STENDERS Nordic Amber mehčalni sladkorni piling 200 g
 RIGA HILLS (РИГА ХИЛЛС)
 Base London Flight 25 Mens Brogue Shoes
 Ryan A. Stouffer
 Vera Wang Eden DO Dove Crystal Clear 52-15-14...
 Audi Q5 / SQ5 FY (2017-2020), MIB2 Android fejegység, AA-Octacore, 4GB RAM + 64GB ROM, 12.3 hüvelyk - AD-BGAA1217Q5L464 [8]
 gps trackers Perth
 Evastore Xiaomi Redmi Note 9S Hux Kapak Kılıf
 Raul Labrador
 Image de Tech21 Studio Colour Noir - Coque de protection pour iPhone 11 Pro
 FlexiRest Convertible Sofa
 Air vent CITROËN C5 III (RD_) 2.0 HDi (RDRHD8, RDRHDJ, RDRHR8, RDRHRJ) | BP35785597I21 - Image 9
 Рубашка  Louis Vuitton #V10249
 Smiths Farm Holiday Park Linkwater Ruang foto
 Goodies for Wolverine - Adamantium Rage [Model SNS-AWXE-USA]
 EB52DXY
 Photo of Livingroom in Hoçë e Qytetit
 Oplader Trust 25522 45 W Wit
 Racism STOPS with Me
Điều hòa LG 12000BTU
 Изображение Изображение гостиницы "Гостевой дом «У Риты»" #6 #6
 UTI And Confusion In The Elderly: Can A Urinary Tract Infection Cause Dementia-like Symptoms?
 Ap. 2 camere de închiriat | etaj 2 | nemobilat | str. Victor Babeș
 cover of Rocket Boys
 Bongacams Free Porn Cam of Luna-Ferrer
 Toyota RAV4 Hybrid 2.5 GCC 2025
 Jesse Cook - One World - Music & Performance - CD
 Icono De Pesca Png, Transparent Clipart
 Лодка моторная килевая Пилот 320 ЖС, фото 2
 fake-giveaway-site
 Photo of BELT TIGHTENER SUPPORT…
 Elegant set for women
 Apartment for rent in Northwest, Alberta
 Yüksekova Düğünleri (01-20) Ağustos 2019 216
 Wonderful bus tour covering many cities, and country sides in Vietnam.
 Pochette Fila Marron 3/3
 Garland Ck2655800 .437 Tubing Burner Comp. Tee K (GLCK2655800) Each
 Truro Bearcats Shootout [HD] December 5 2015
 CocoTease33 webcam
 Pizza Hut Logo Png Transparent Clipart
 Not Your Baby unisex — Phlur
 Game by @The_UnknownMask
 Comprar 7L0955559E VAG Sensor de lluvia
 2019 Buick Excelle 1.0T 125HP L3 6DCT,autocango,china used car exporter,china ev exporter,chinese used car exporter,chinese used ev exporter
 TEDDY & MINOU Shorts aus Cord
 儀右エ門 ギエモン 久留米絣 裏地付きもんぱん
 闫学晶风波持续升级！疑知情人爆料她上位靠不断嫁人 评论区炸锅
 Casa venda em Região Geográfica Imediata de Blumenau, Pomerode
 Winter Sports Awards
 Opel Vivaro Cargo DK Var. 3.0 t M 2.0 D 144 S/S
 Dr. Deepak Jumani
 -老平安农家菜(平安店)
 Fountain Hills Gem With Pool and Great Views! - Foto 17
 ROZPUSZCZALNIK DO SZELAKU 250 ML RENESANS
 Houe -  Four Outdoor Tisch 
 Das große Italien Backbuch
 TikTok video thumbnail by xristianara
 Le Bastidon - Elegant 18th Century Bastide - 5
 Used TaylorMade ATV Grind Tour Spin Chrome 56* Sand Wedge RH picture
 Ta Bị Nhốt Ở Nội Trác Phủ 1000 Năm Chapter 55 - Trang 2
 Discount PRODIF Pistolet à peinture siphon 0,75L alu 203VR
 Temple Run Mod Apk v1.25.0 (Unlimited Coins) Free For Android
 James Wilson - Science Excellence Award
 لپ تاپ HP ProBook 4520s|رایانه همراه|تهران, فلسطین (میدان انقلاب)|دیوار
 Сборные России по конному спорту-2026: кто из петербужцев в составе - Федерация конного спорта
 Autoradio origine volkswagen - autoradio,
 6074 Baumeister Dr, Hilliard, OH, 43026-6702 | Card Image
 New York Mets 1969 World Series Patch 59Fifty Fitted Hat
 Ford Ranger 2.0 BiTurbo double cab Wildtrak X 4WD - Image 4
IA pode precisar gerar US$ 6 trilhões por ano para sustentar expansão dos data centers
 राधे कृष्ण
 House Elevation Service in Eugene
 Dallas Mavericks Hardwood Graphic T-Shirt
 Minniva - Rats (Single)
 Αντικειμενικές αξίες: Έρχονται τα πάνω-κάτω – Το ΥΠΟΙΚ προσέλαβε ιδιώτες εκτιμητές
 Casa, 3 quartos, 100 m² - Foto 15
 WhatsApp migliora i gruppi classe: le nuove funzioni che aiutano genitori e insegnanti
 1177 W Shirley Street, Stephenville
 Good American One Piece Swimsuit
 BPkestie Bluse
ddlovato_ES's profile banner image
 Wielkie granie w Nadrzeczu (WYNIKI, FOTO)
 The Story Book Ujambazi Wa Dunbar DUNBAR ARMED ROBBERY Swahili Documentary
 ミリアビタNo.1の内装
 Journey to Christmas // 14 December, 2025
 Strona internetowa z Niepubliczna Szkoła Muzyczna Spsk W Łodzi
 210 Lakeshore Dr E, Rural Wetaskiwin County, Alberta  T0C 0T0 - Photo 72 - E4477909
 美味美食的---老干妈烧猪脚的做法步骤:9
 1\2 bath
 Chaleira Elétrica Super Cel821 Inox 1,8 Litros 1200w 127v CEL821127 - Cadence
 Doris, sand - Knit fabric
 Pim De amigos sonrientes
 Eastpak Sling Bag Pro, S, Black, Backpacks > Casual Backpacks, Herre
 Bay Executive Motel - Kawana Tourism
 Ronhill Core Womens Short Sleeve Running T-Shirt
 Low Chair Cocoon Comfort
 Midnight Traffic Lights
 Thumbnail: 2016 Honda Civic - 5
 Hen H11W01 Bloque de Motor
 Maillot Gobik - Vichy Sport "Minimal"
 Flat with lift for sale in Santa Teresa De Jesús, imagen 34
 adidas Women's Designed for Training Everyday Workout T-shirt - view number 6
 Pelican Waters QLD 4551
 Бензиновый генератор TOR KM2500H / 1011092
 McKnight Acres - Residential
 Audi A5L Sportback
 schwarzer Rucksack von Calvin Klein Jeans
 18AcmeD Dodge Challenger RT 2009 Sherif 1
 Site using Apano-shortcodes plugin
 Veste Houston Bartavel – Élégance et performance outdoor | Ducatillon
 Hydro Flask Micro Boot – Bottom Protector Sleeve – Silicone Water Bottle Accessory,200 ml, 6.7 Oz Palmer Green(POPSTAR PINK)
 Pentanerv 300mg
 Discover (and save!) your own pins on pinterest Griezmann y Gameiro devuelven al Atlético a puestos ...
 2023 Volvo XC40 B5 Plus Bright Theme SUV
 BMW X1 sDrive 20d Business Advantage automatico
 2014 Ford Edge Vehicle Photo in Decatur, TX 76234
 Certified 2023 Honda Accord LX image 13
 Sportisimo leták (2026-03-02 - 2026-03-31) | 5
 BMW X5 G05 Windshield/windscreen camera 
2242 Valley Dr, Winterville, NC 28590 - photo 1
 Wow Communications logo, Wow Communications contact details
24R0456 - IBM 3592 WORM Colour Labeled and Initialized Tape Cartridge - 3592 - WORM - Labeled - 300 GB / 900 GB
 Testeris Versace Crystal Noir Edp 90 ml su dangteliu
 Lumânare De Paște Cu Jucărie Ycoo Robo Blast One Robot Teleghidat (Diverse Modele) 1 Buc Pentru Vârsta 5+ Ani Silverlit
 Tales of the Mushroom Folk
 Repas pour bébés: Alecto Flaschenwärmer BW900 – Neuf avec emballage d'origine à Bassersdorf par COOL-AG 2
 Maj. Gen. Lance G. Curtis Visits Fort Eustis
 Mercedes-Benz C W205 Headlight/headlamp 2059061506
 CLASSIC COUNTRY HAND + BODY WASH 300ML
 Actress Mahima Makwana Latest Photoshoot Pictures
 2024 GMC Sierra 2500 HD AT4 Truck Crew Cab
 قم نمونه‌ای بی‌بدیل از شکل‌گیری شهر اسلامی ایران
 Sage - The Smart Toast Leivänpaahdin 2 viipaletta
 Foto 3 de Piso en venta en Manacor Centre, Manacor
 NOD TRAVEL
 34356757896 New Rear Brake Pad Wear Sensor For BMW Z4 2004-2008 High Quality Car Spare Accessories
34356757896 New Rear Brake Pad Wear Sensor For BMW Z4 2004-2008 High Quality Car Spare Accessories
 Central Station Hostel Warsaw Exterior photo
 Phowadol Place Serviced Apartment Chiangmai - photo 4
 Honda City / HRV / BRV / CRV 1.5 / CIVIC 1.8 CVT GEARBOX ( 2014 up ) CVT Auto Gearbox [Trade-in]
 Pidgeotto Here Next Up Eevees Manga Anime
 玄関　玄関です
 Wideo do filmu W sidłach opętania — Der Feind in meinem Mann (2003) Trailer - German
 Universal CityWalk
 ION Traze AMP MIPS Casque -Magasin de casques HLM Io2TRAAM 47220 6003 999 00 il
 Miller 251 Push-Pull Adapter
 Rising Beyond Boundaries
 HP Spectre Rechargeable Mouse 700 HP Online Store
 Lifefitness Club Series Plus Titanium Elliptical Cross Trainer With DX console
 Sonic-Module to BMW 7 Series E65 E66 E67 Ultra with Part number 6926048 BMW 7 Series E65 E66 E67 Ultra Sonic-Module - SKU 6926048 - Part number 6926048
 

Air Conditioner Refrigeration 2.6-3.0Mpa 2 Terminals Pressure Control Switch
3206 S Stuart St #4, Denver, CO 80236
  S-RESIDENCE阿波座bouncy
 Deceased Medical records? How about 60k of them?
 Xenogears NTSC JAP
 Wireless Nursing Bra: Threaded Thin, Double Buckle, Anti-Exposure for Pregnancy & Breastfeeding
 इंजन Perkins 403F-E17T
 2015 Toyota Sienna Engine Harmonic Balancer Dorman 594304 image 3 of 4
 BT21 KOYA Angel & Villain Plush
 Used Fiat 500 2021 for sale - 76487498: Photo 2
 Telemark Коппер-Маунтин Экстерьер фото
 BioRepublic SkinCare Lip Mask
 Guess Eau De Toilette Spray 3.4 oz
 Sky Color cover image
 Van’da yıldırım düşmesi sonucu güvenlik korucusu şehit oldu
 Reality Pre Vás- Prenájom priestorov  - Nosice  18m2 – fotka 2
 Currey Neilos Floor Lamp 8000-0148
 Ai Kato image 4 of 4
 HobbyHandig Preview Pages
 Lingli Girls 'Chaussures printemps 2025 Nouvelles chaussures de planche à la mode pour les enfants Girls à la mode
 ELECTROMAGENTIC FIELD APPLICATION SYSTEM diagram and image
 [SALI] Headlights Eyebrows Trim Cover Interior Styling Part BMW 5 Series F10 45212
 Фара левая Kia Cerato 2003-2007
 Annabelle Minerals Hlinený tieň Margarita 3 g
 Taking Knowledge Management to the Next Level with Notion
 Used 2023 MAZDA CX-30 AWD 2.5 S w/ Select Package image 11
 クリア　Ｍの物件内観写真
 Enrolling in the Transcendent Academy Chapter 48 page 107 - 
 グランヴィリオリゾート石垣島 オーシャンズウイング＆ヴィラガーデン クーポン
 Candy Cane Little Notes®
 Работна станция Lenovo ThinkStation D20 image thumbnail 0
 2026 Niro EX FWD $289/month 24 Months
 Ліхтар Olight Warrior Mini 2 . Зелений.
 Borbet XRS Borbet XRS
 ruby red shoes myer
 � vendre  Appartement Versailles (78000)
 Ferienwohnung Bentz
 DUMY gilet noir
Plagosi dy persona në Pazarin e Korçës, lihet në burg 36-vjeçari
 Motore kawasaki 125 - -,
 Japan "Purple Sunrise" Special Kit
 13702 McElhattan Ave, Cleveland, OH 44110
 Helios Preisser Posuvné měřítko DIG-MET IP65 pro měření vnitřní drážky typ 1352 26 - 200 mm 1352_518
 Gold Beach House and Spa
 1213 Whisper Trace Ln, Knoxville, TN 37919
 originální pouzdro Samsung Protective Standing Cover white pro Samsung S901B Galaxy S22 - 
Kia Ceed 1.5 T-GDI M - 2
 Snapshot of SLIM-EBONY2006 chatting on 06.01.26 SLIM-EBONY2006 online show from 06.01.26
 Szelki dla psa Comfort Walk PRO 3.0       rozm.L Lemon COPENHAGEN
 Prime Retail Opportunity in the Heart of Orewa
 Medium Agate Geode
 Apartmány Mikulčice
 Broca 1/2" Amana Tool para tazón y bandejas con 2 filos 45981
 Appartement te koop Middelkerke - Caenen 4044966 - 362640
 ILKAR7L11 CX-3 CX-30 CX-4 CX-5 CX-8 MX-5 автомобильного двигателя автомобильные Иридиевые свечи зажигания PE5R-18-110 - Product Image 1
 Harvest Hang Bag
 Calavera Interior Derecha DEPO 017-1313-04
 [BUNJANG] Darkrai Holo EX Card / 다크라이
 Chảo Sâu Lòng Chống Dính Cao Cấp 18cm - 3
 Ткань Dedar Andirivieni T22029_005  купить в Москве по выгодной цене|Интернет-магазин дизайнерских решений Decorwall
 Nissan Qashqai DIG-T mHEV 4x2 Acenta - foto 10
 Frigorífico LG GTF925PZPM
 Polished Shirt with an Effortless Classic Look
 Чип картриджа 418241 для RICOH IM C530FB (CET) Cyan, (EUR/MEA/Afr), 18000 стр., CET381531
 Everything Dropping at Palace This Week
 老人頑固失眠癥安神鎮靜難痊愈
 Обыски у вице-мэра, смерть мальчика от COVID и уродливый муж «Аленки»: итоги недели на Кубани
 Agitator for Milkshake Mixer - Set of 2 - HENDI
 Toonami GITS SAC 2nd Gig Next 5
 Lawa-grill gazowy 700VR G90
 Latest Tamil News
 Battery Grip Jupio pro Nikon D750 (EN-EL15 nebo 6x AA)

----------------------------------------

WHAT THE TASK ASKS: Among the entries above, locate the lines containing "Used TaylorMade ATV" and "ddlovato_ES's profile banner image", and transcribe exactly those two lines and all lines between.

SOLUTION:
 Used TaylorMade ATV Grind Tour Spin Chrome 56* Sand Wedge RH picture
 Ta Bị Nhốt Ở Nội Trác Phủ 1000 Năm Chapter 55 - Trang 2
 Discount PRODIF Pistolet à peinture siphon 0,75L alu 203VR
 Temple Run Mod Apk v1.25.0 (Unlimited Coins) Free For Android
 James Wilson - Science Excellence Award
 لپ تاپ HP ProBook 4520s|رایانه همراه|تهران, فلسطین (میدان انقلاب)|دیوار
 Сборные России по конному спорту-2026: кто из петербужцев в составе - Федерация конного спорта
 Autoradio origine volkswagen - autoradio,
 6074 Baumeister Dr, Hilliard, OH, 43026-6702 | Card Image
 New York Mets 1969 World Series Patch 59Fifty Fitted Hat
 Ford Ranger 2.0 BiTurbo double cab Wildtrak X 4WD - Image 4
IA pode precisar gerar US$ 6 trilhões por ano para sustentar expansão dos data centers
 राधे कृष्ण
 House Elevation Service in Eugene
 Dallas Mavericks Hardwood Graphic T-Shirt
 Minniva - Rats (Single)
 Αντικειμενικές αξίες: Έρχονται τα πάνω-κάτω – Το ΥΠΟΙΚ προσέλαβε ιδιώτες εκτιμητές
 Casa, 3 quartos, 100 m² - Foto 15
 WhatsApp migliora i gruppi classe: le nuove funzioni che aiutano genitori e insegnanti
 1177 W Shirley Street, Stephenville
 Good American One Piece Swimsuit
 BPkestie Bluse
ddlovato_ES's profile banner image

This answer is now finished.